Data were analyzed using Prism 10.0 (GraphPad Software Inc., San Diego, CA, USA). All data are presented as means ± SD from three to five independent experiments performed in duplicates unless otherwise indicated. The graphs were generated using the same software. Sigmoidal dose-response (variable slope) parameters were used for analyzing the data to calculate EC₅₀ and E_max values.

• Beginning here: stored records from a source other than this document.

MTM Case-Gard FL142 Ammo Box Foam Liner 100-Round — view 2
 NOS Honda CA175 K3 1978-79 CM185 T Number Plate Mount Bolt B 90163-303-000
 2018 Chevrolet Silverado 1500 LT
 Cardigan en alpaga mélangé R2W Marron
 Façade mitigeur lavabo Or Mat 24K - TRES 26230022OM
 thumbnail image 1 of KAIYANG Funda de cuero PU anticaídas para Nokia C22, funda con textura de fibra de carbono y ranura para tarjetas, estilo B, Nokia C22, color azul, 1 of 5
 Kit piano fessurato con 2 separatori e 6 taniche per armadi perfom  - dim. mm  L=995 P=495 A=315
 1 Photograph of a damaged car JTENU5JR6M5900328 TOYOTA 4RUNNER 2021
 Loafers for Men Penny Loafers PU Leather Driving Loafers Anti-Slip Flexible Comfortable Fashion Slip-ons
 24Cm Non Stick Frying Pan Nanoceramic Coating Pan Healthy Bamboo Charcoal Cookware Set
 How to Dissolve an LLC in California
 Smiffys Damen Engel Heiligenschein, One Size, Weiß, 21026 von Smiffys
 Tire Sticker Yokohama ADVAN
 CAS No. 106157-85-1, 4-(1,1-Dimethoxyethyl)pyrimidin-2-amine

To determine the level of significance, data were analyzed using one-way ANOVA with Bonferroni’s multiple comparisons test and multiple t-tests with Welch correction were used for pairwise comparisons between two groups (Prism 10.0). A p-value of less than or equal to 0.05 was considered to be significant and exact p-values are disclosed in a Source Data file (Supplementary Data 3). The NIS Element Advanced Research software 4.0 was used for microscopy image acquisition and analysis.

Reporting summary

Further information on research design is available in the Nature Portfolio Reporting Summary linked to this article.